To the Gaza front and back: Smoke, fire, tragedy and calm

One could not help but feel the tragedy of the average Gazan who seemed like a pawn caught up in a bigger dangerous game playing out between Hamas and the IDF.

IDF clashes with Hamas on 'Nakba Day,' May 15, 2018 (IDF Spokesperson's Unit)
The first sign that I was crossing from one world, calm Israel, into planet confrontation Israel, was billowing smoke in the distance as I approached the Gaza border.
I passed staging areas of sizable groups of IDF troops and border police on their way to the front to deal with the confrontation from the Palestinian side. Preparations and the mood were intense, more an atmosphere of war footing than handling a minor flare-up.
As I got closer, I stopped driving on automatic pilot and turned down the radio as my survival instincts took over, and I swallowed a bit, realizing it was my job to drive toward the black smoke.
The position the IDF set up for journalists could only be reached following a winding dirt path around Kibbutz Nahal Oz into agricultural fields with no signs or clear direction, and mostly, after taking several wrong turns, I arrived at the spot by following the smoke.
I passed several scorched portions of fields – presumably burned by “fire kites” sent from the Palestinian side of the border.
Our spot was a couple of hundred meters from the soldiers, probably a one- to two-minute sprint, and they were about a minute or so sprint across some obstacles and fencing from the massive crowd of Palestinians.
At first, the large Palestinian crowd was centralized and mostly chanting slogans, with very few signs of intense conflict. Journalists were discussing whether we should rotate to a different spot to catch more action.
However, at a particular moment around 30 minutes or so after I arrived, it appeared that the Palestinian crowd was given an order or a signal. All at once, thousands of them started sprinting and streaming along the border.

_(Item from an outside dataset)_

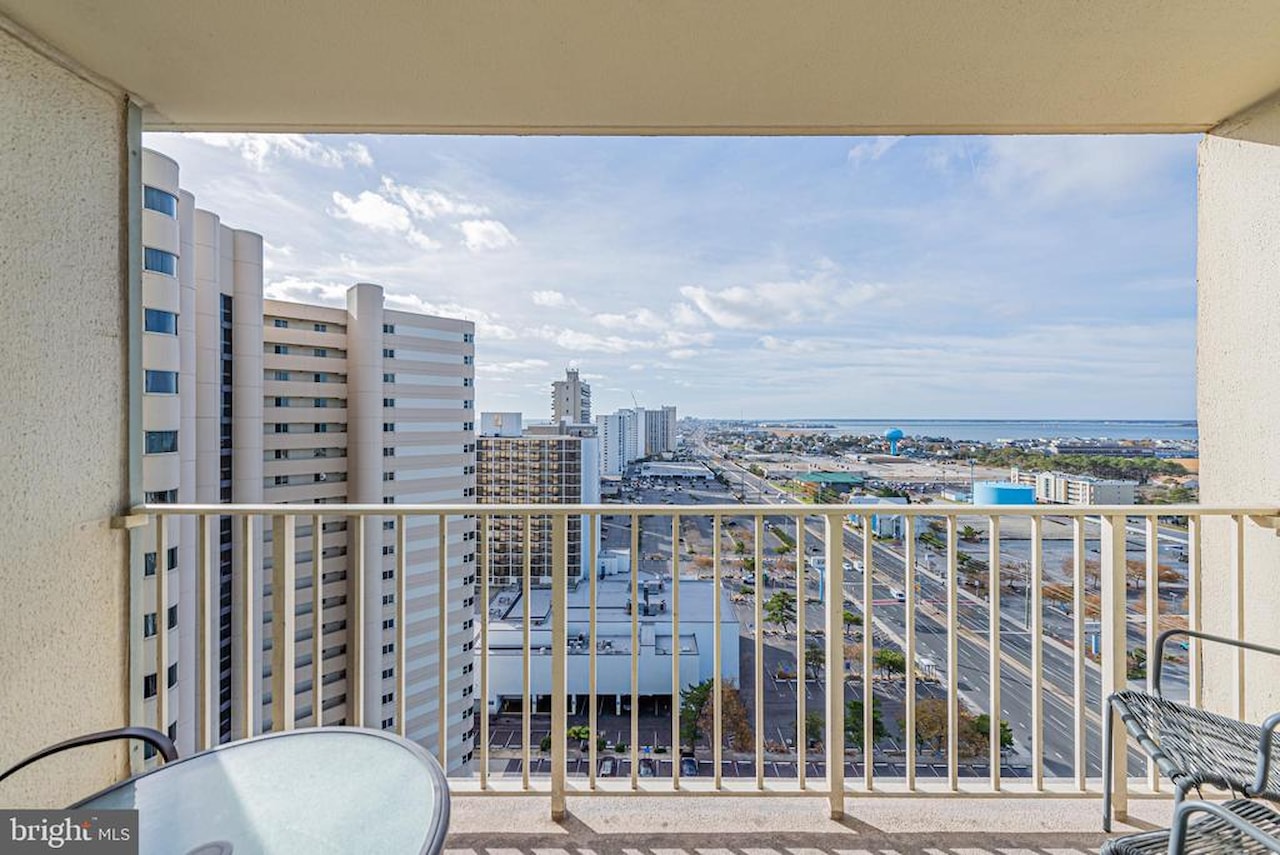 Quay Real Estate for Sale - 10700 Coastal Hwy #1804 in Ocean City Photo 3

The original plume of smoke was soon dwarfed by multiple larger plumes, presumably from burning tires, Molotov cocktails or other explosives. Sirens blared and vehicles seemed to be rushing around on the Palestinian side, either to handle logistics for the confrontation or to provide medical attention.

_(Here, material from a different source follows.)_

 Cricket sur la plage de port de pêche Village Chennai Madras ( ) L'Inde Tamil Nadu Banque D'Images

Several kites and fire kites sailed across the border, with at least one appearing to be taken down by an Israeli drone.
Israeli jeeps and armored vehicles started streaming toward the border to reinforce the troops already there, including an increase of a group now stationed closer to us and off the border, possibly as backup in case there was a Gazan breakthrough.
GUNSHOTS STARTED to ring out, though usually not more than a few at once.
While reportedly more than 60 Gazans were killed on Monday, most of the Palestinian activity did not seem to be greeted by gunshots, and in several hours, there was no sustained volley.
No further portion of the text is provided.